A una señal del capitán, el polaco y el chino empuñaron los remos y dirigieron el junco hacia un islote que emergía en medio del río, cubierto de hierba, de un grupo de bambúes y de tres o cuatro árboles.
—Acampemos aquí —dijo el capitán desembarcando—. Aquellos bribones no vendrán a molestarnos.
Amarraron la barca, levantaron la tienda, encendieron fuego y prepararon la cena. Una vez calmada el hambre, y después de fumar algunas pipas, los tres blancos se echaron bajo la tienda. Min-Sí se acurrucó por fuera.
Habían transcurrido dos horas, cuando el ruido sordo de una zambullida llegó al oído del pequeño chino, que dormía con un ojo abierto. Inquieto, se levantó con rapidez, dirigiendo a su alrededor una mirada. La noche era tan oscura que a duras penas se distinguían las dos orillas. No se oía otro rumor que el borboteo de la corriente al romperse contra el banco y el susurro de las hojas sacudidas suavemente por un fresco vientecillo.
—¿Habrá sido un tapir? —murmuró.
Un extraño crujido le advirtió que algo sucedía a orillas del islote. Empuñó una pistola y dio algunos pasos. Con gran sorpresa vio cómo el junco se mecía fuertemente de babor a estribor.
Una sospecha le atravesó el cerebro.
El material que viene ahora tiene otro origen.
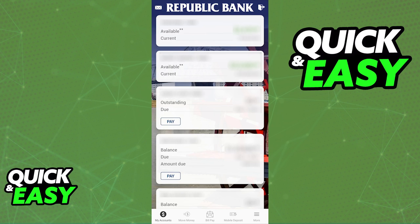You can do this process through the online banking functionalities of Republic Bank on their website or through the mobile app. In this video, I'm going to show you visually how to do it through the mobile app, as I believe this is the simplest way, but you can follow this process through the website if you prefer.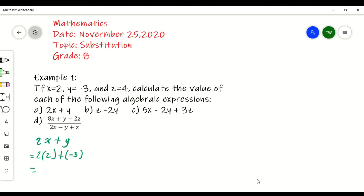The bracket implies multiplication, so this means 2 times 2, which gives us 4. Then we have a plus sign multiplying a minus sign, giving us a negative sign, so we get 4 minus 3, and that gives us a final answer of 1. That's part a.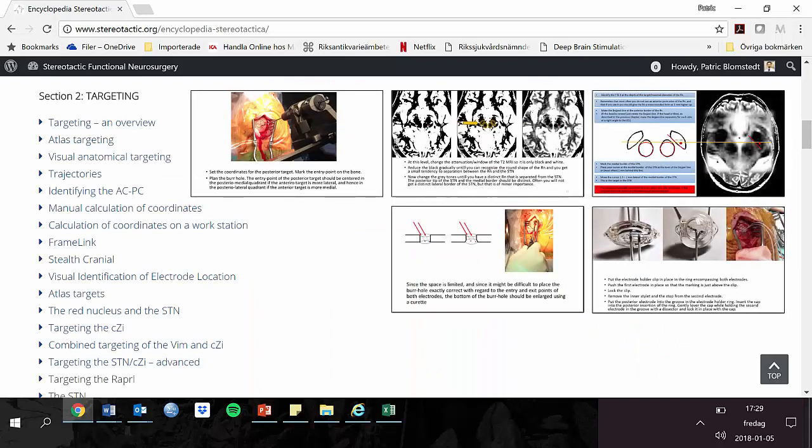The encyclopedia is a collection of lectures organized in a structured manner. The lectures are short and, to a large extent, based on images. They guide the user in a logic and stepwise manner through the procedure. Currently, more than 100 lectures are provided and this number is increasing.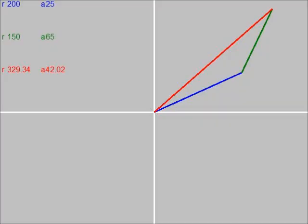Thus, we have successfully added the blue and green vectors to produce the red vector.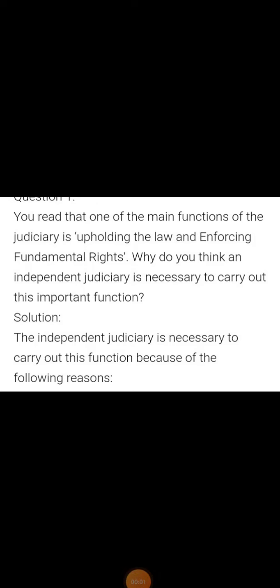Welcome back students. Today we are going to study social science subject of class 8 standard. In social science we are going to study the section that is political science. In political science we are going to deal with the lesson called judiciary. This is your revision section, so we will start with the important question answers related to the lesson.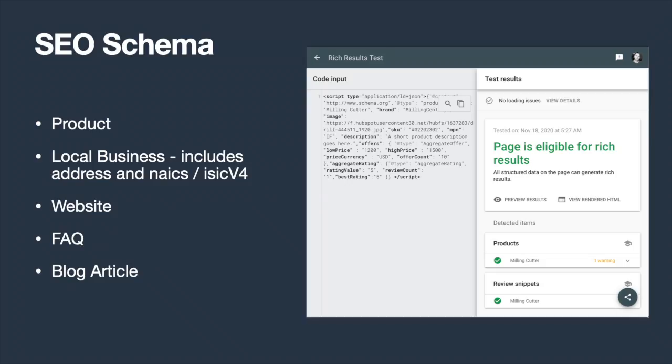Lastly, I included schema to help optimize the various content types and encourage rich snippets. I included product, local business, website, FAQ, and blog article schema.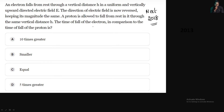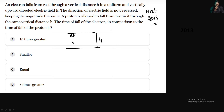An electron falls from rest through a vertical distance H in a vertically upward directed electric field. If you look at the electric field direction, it is upward. If you look at this electron, it is below — the field is above.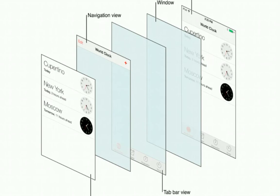A navigation controller renders the content of the navigation bar dynamically using UINavigationItem objects associated with the view controllers on the navigation stack, instead of the UINavigationItem class directly. To customize the overall appearance of the navigation bar, use the UIAppearance API. To change the content of the navigation bar, you must configure the navigation item of your custom view controller.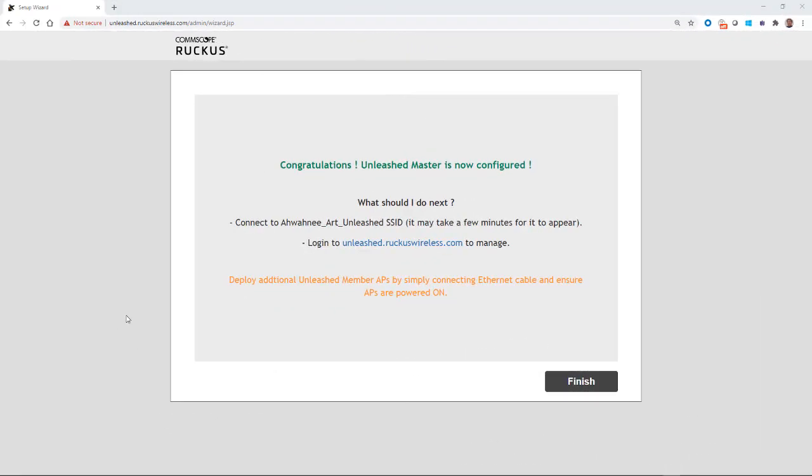Then we'll get a message after about three and a half to four minutes. It says, congratulations. The Unleashed master is now configured. So what should I do next? So it says, connect to the Awani Art Unleashed. Remember, that's the SSID that I created. And it says, it may take a few minutes for it to reappear because it's got to finish provisioning itself.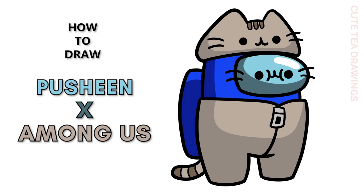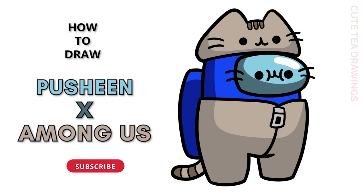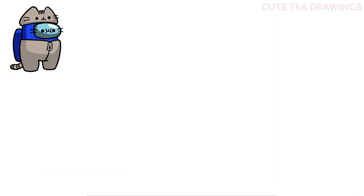Hey guys, welcome to Cute Tea Drawings. Today I'll be drawing this Pusheen Among Us Crewmate. I'll be drawing on my tablet, but you can also follow along on paper. Please remember to like and subscribe. Okay, now let's get started.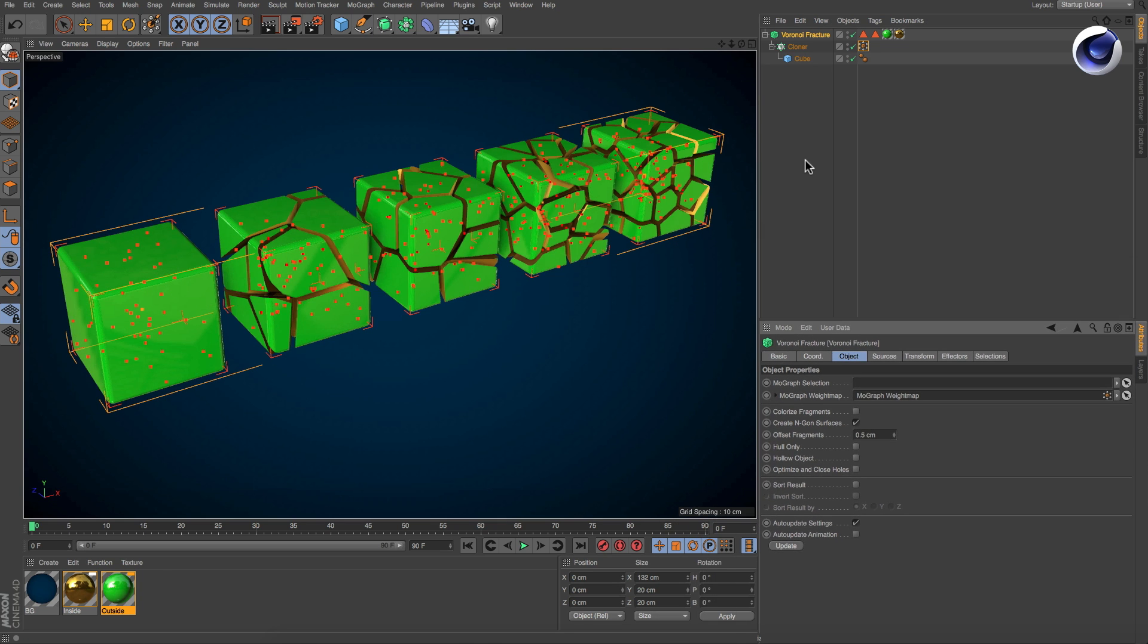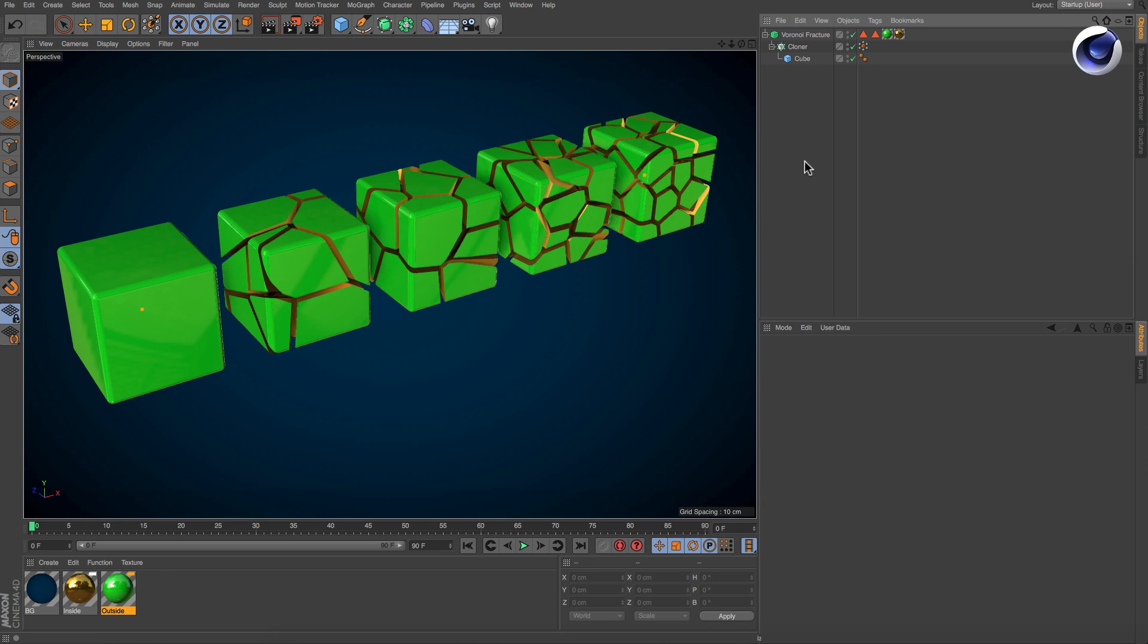Now there are not only fractured or non-fractured clones, but also clones with higher fragment counts and lower fragment counts, depending on the weight. Thanks for watching!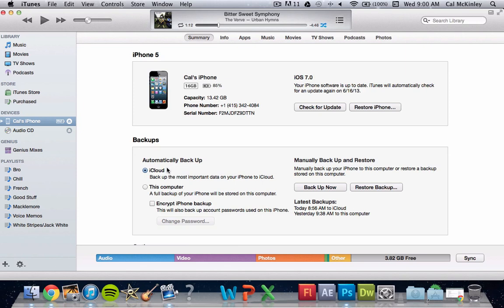What's going on guys, Cal here with SharePoint Central, and today I'm going to be showing you guys how to get iOS 7 Beta 1 on your device right now without a developer's account or a specific UDID activation number.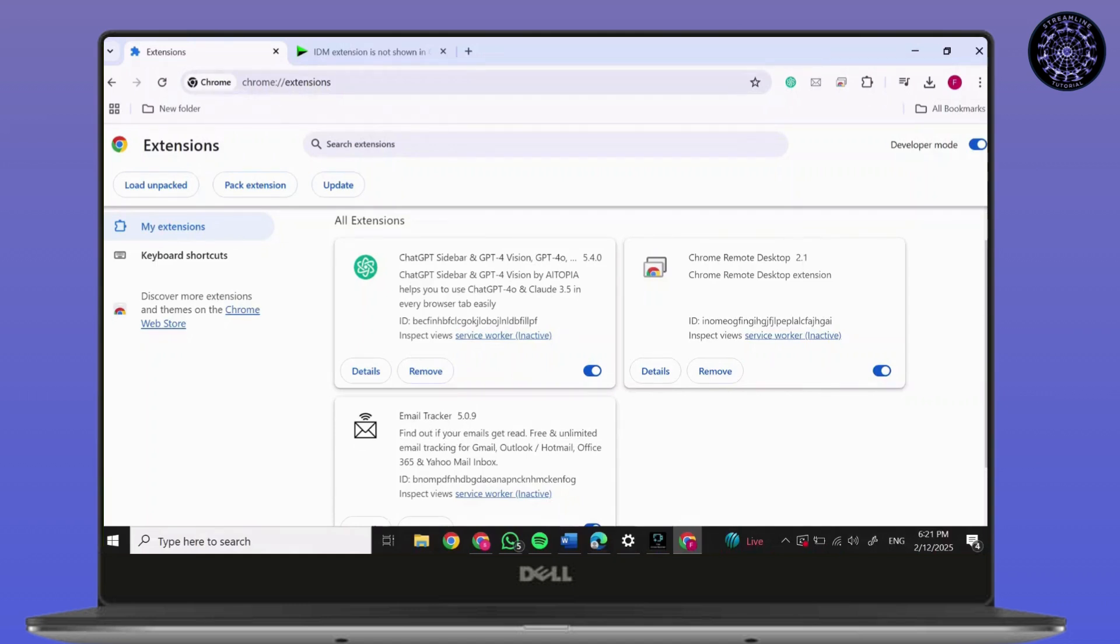This is how to add an IDM extension to Microsoft Edge. Thank you for joining me today.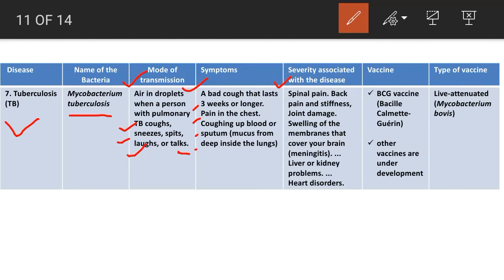Severity of TB includes spinal and back pain, joint damage, meningitis (swelling of the membranes covering the brain), liver or kidney problems, and heart disorders. The BCG vaccine is used for tuberculosis, but it cannot always protect people from getting TB, so other vaccines are under development. BCG is a live attenuated vaccine.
Se lanzó hacia la cuerda que unía la barca al islote, pero se detuvo espantado al descubrir a Lue-Koa en persona que la estaba cortando. ¡A las armas! —gritó—. ¡A las armas!
Disparó su pistola contra el bandido, pero sin herirlo. El americano, Jorge y Casimiro, sobresaltados, se precipitaron fuera de la tienda, pero ya era demasiado tarde. El junco, a impulso de los seis remos, se alejaba de la orilla rápidamente, perdiéndose entre las tinieblas.